►

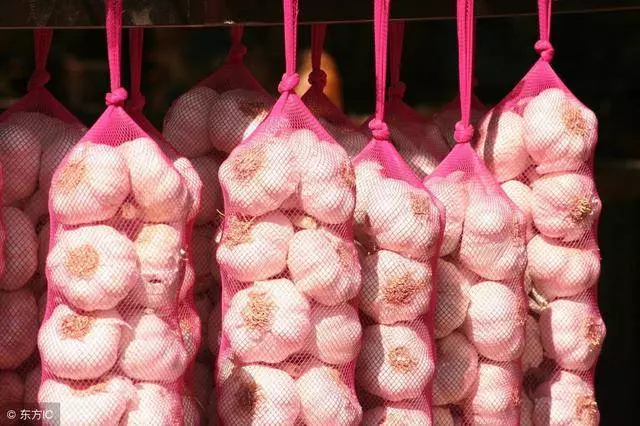 保存大蒜原來這麼簡單,放上一年都不會發芽,可惜很多人都不知道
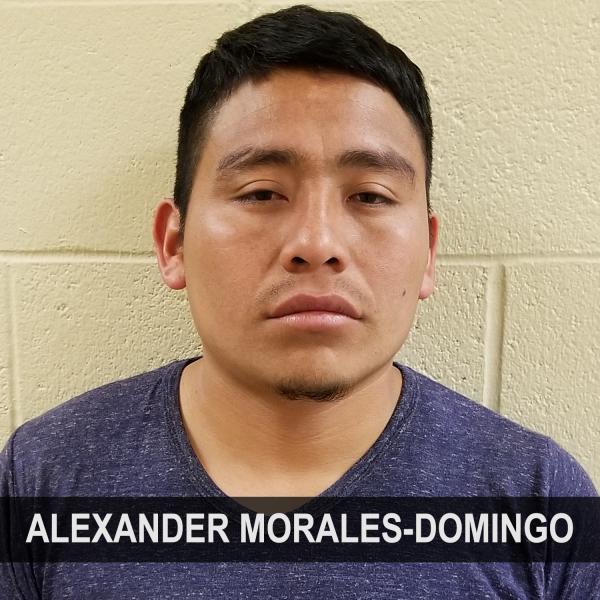 Morales-Domingo, a convicted sex offender was apprehended by U.S. Border Patrol agents near Sasabe, Arizona February 6. 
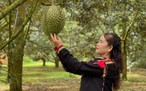 Lễ hội sầu riêng Đắk Lắk 2026: Kỷ lục 101 món ăn, show diễn ánh sáng cực đỉnh
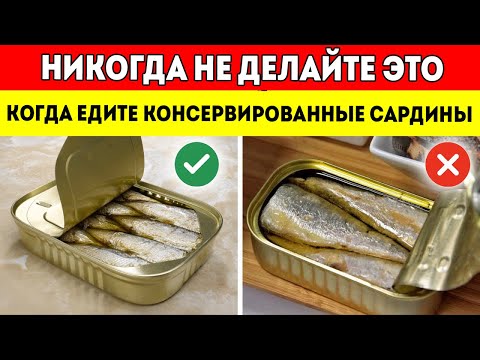 Видео: Всего 2% Знают Об Этом! Шокирующие Ошибки, Которые Все Допускают При Еде Сардины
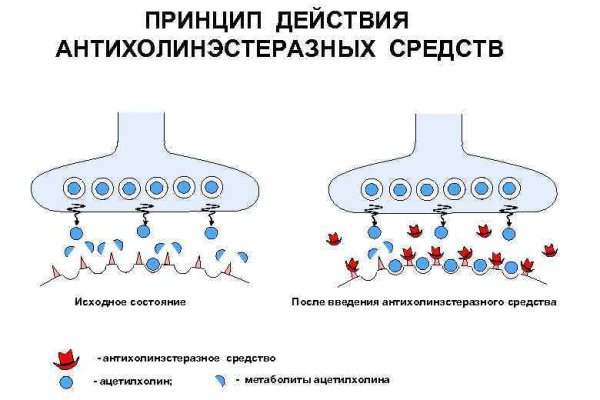 Кракен сайт 14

◄

◆ **The problem**
Word for word and without pictures, restate only the lines running from the one that contains "Видео: Всего 2%" through the last line of the listing above.

◆ **Result for this exercise**
 Видео: Всего 2% Знают Об Этом! Шокирующие Ошибки, Которые Все Допускают При Еде Сардины
 Кракен сайт 14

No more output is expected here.